Os diferentes momentos de sua história, a sociedade brasileira sempre contou com a presença de jovens mobilizados por diferentes sonhos e causas. Porém, enquanto um particular “sujeito de direitos” – que demanda “políticas públicas” específicas –, a juventude só emergiu no final dos anos 1980, momento em que a “exclusão de jovens” se tornou parte constitutiva da questão social nacional e internacional.

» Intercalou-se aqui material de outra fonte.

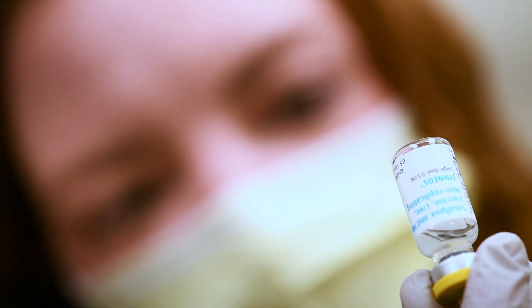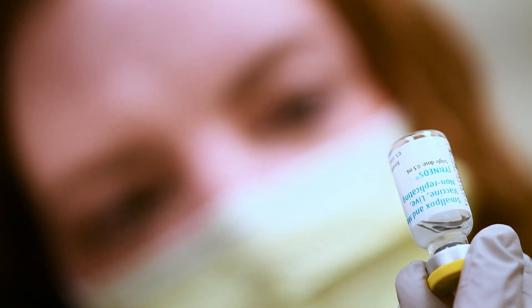Please note: one vial is equivalent to five doses of intradermal vaccine. However, most people are getting four to five doses.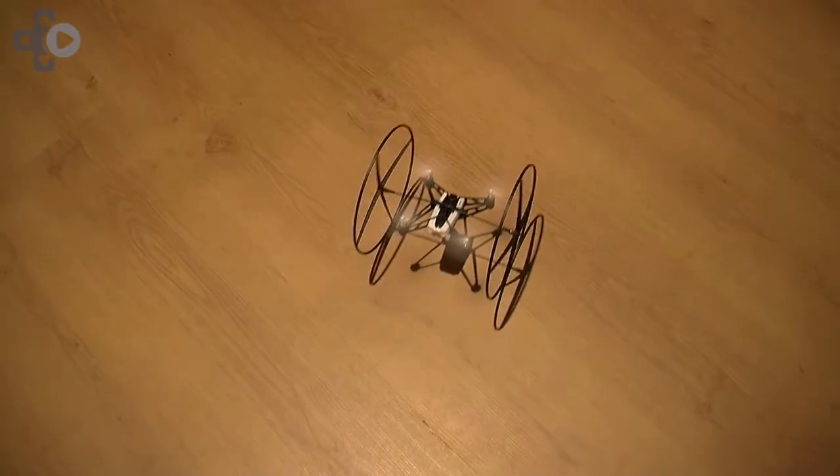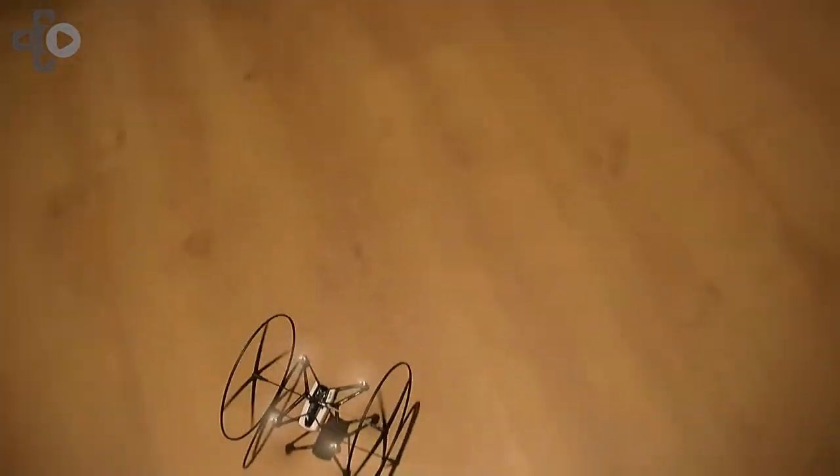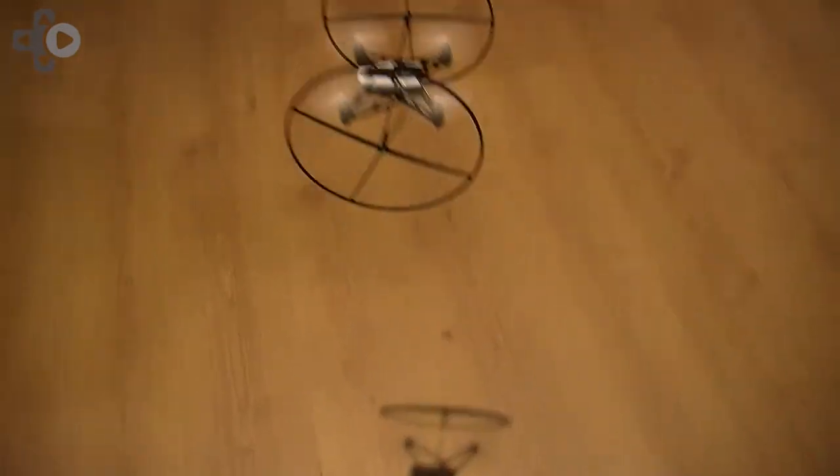This is the new version, a new quadrotor helicopter from Parrot. It's all the technology we've been developing for the drones before, compacted into this project. It's super easy to fly — you just connect it to your smartphone over a Bluetooth 4 connection, press the take-off button, and it's very steady to fly.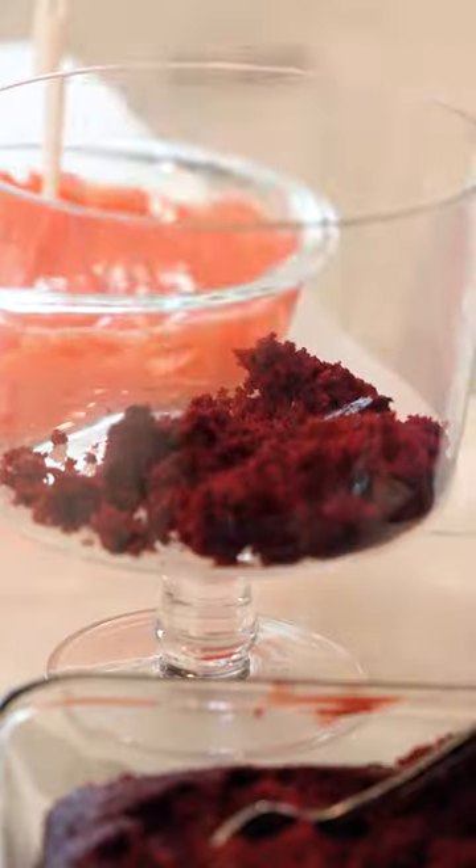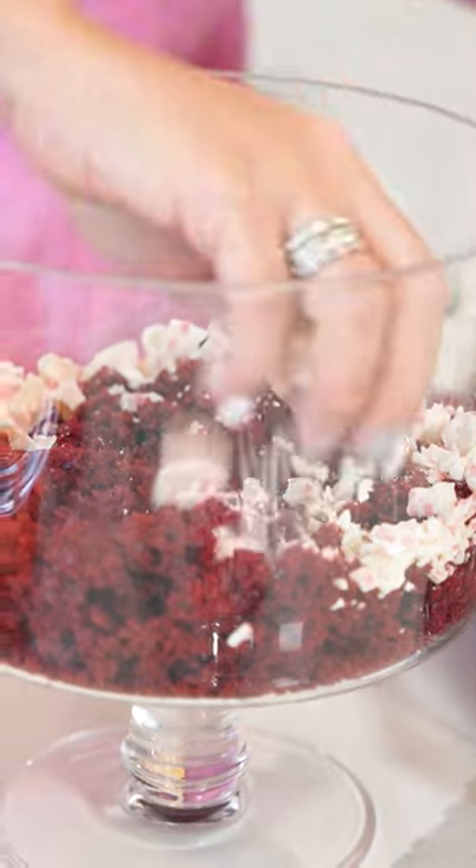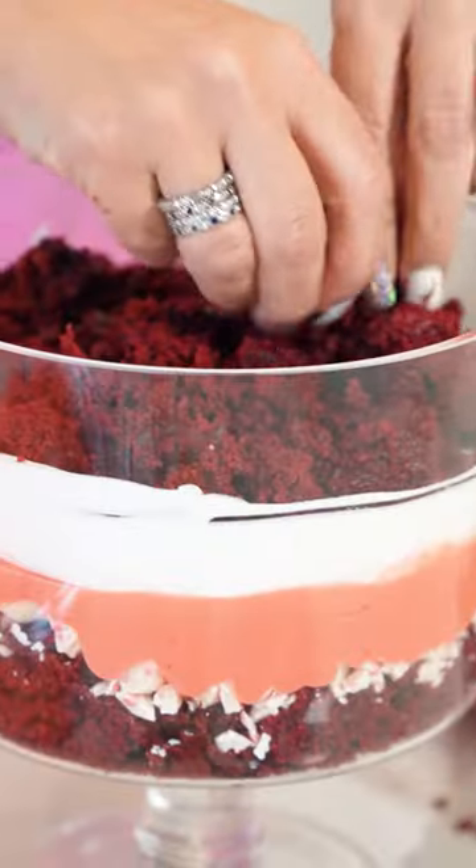Now we're gonna take our cake mix and put a good amount on the bottom. Next I'm gonna top it with some crunch, then our pudding, then our cool whip. We're gonna repeat.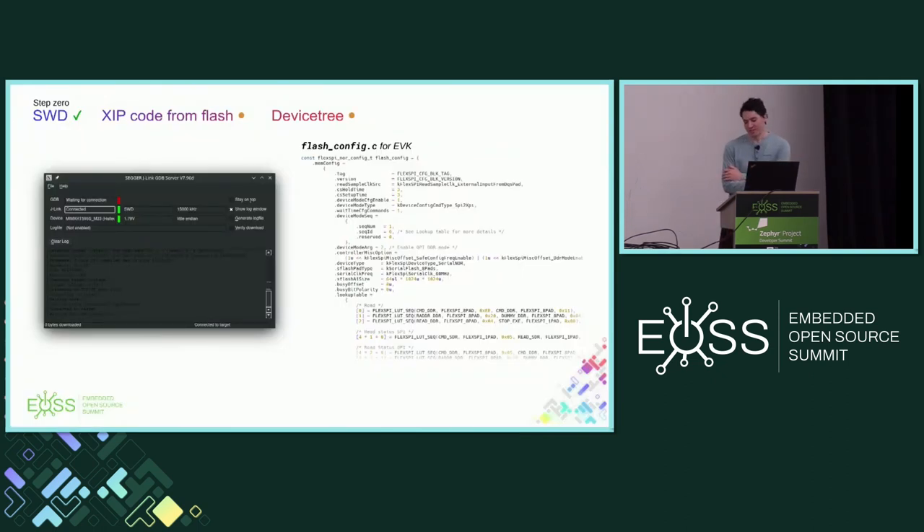Just to get started, before jumping into all of the problems that I ran into bringing up something like this — we'll start with some of the easier things. When the board arrives, you power it on, connect to the J-Link, and SWD works right away. At that point you can load code into SRAM and execute it. But if you're doing a custom board with one of these IMXRT parts and you have code in external flash, it's likely using the Flex SPI interface which requires some configuration. The eval board uses an octal SPI interface in DDR mode with different clocks compared to my part.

Não por acaso, 1985 foi decretado o Ano da Juventude pelas Nações Unidas. Vivia-se, na época, o ápice da nova divisão internacional do trabalho, com o aprofundamento dos processos de globalização dos mercados, de desterritorialização dos processos produtivos e de flexibilização das relações de trabalho. No Brasil, assim como em vários países da América Latina, tais processos também foram acompanhados pelo esgotamento do modelo de modernização conservadora dos anos 1980 e pela crise da dívida externa. Assim, em tempos de Consenso de Washington, projetos de ajustes e “enxugamento do Estado” priorizaram o equilíbrio fiscal e o corte de gastos, interrompendo várias iniciativas de políticas sociais distributivistas e comprometendo as democracias que sucederam os regimes autoritários nos países da região. Tais mudanças econômicas, tecnológicas e culturais afetaram particularmente a juventude.

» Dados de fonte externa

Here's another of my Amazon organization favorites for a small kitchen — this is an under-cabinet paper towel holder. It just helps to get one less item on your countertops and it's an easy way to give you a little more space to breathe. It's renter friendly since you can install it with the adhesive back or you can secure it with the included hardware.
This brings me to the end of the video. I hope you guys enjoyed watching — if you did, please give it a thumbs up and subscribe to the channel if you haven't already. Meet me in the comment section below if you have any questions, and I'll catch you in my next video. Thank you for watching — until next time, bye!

As primeiras demandas em torno dos “problemas dos jovens” foram levadas a público por organismos internacionais, gestores e políticos nacionais, ONGs, organizações empresariais, setores de Igrejas e também sustentadas por um conjunto de grupos, redes e movimentos juvenis. A favor da “juventude”, em um movimento de mão dupla, envolveram-se instâncias do poder público e diferentes setores e atores da sociedade civil. Contudo, nesse primeiro momento, ainda não se falava muito em “direitos”. A ênfase estava, principalmente, na necessidade de contenção e prevenção.

Para conter o desemprego e prevenir a violência, tratava-se de “ressocializar”, “promover o retorno aos bancos escolares”, “capacitar para o trabalho”, “inserir em dinâmicas de integração social”, “fomentar o protagonismo e o voluntariado juvenil”. Nesse cenário, nos anos 1990, surgiram os “projetos sociais” voltados para jovens “em situação de risco”, moradores de periferias urbanas consideradas pobres e violentas.

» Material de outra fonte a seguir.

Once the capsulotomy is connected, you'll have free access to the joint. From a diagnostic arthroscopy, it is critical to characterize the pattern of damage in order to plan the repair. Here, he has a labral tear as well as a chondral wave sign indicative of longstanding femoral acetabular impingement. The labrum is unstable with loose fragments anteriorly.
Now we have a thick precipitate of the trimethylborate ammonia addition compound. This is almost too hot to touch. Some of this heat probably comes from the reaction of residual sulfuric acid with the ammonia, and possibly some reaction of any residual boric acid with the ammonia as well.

Nessa época também surgiram os primeiros espaços governamentais de juventude em vários países da América Latina. Na ocasião, no Brasil registraram-se algumas iniciativas de criação de secretarias e coordenadorias municipais e poucas estaduais, mas não se criou um espaço governamental nacional de juventude. Mesmo assim, durante os governos de Fernando Henrique Cardoso, programas voltados para adolescentes e jovens foram introduzidos em vários ministérios, com destaque para o Ministério do Trabalho, assim como as organizações da sociedade civil foram incentivadas a lidar com jovens, de até 18 anos, por meio de ações coordenadas pelo Programa Comunidade Solidária.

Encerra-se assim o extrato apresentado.